Tutanchamun in Lüttich : Eine Schau mit viel Gold und vielen Kulissen
„Tutanchamun“-Schau im Lütticher Bahnhof: Eine Ausstellung über den Pharaonenkönig und wie es war, als Howard Carter vor rund 100 Jahren sein Grab entdeckte. Ein Rundgang mit viel Gold und vielen Kulissen.

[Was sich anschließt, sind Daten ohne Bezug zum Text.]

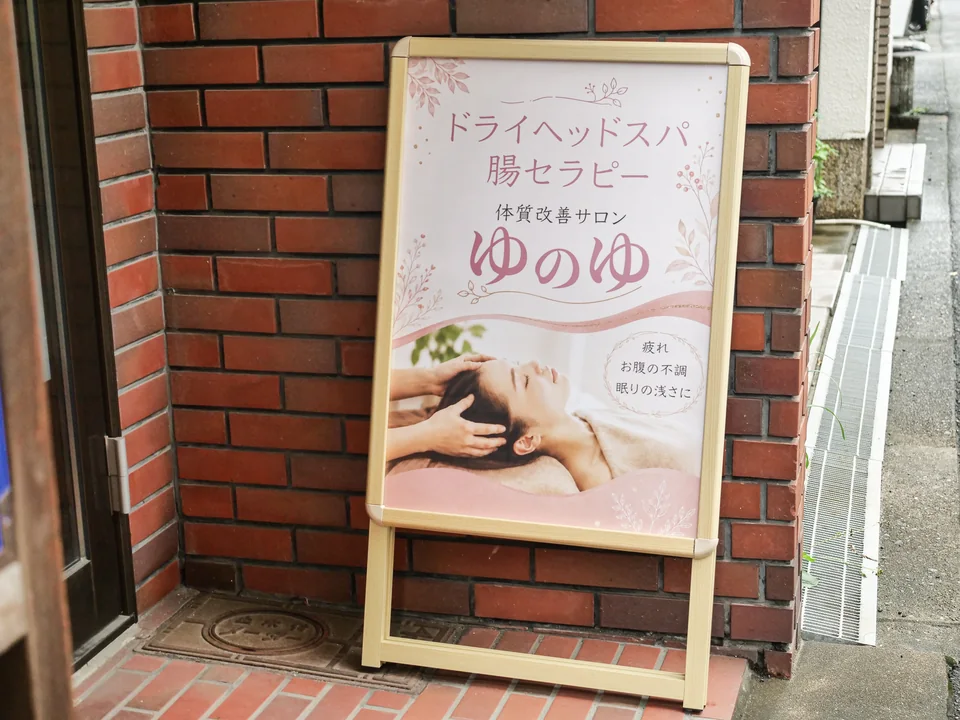 入口のレンガの壁の前に置かれた、ピンク色のゆのゆの看板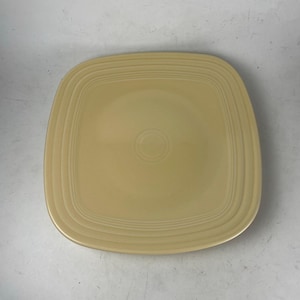 May include: A square, light yellow ceramic plate with rounded corners. The plate has concentric ridges around the edge and a circular indentation in the center. The plate is a solid color and appears to be unused.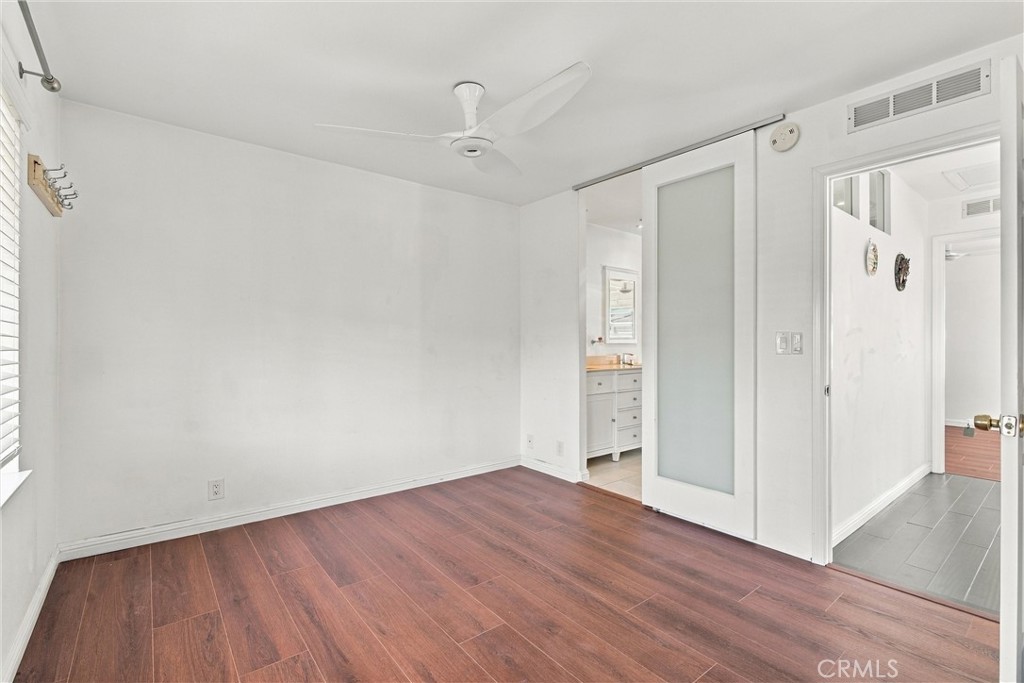 Empty bedroom with reddish-brown flooring, a ceiling fan, and a sliding frosted-glass door.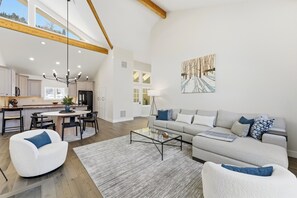 A spacious living area with a high ceiling, a dining area, and a kitchen with modern appliances. - Relaxing Summer Getaway by InvitedHome | Hot Tub, Bunk Room, Fitness, Fireplace (Park City)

Mit einer Kerze in der Hand steht Howard Carter am 26. November 1922 vor einer Steinwand im Tal der Könige in Ägypten. Er bemerkt eine kleine Öffnung in der Wand, beleuchtet sie und schiebt die Kerze durch das Loch und schaut hinein. Seine Augen müssen sich erst an die Dunkelheit gewöhnen. Aber auch, weil er so überwältigt ist, bleibt er ein paar Sekunden stumm. „Sehen Sie etwas?“, fragt ihn Lord Carnarvon, der hinter ihm steht. „Ja, wunderbare Dinge“, soll Carter geantwortet haben.
Im flackernden Licht erkennt er nach und nach die Umrisse seltsamer Tiere und Statuen, Möbel, allerlei Behältnisse und Kisten, vieles davon leuchtet golden. Carter hat das Grab Tutanchamuns entdeckt, jenem Pharaonenkönig, der circa von 1332 bis 1323 v. Chr. regierte und mit etwa 18 Jahren starb.

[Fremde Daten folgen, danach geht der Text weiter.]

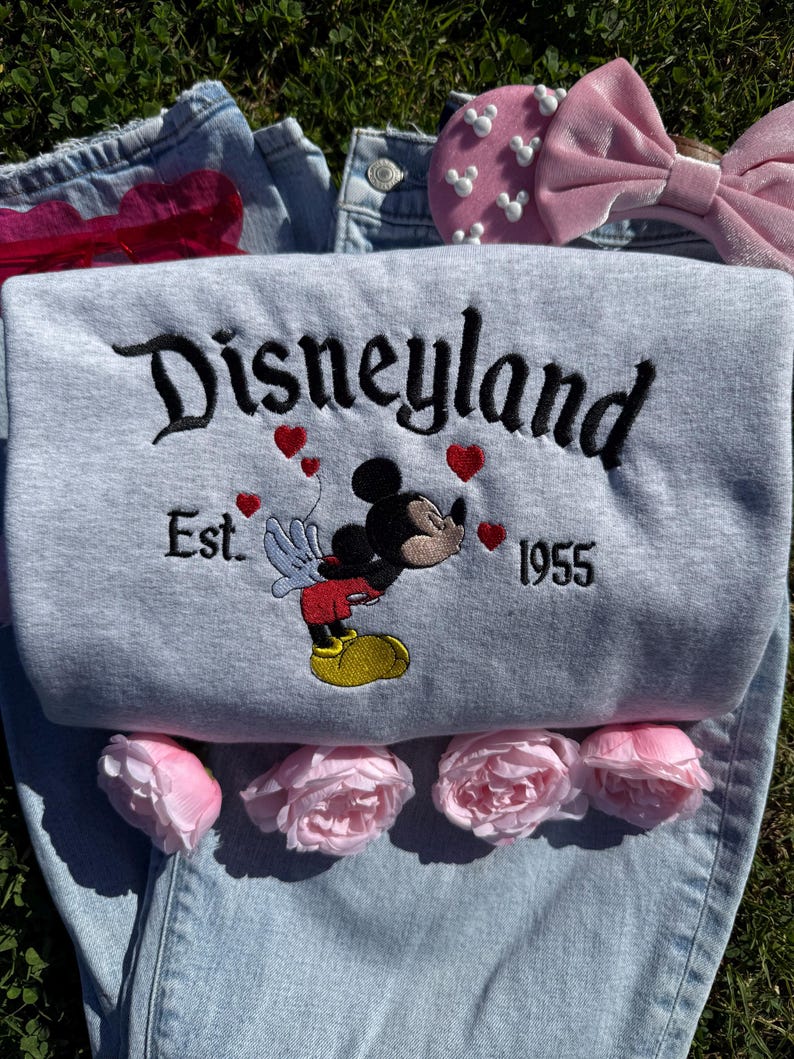 May include: A light gray Disneyland sweatshirt with embroidered black lettering and a Mickey Mouse graphic. The sweatshirt features red heart accents and the text "Est. 1955". Pink roses, a pink bow, and denim jeans are also visible.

Es ist eine Geschichte wie aus einem Film, mit einem Helden, der auf eine abenteuerliche Suche nach einem großen Schatz geht, dabei mit kiloweise Gold und ewigem Ruhm belohnt wird, einen der ersten Medien-Hypes entfacht und aus einer alten Mumie einen Star macht. Die Ausstellung „Tutanchamun. Auf den Spuren des vergessenen Pharaos“ im Lütticher Bahnhof Guillemins erzählt diese Geschichte noch einmal neu – aus der Sicht des Entdeckers Howard Carter. Eine Schau, in der die Besucher nacherleben können, was sich vor rund hundert Jahren am Nil zugetragen hat.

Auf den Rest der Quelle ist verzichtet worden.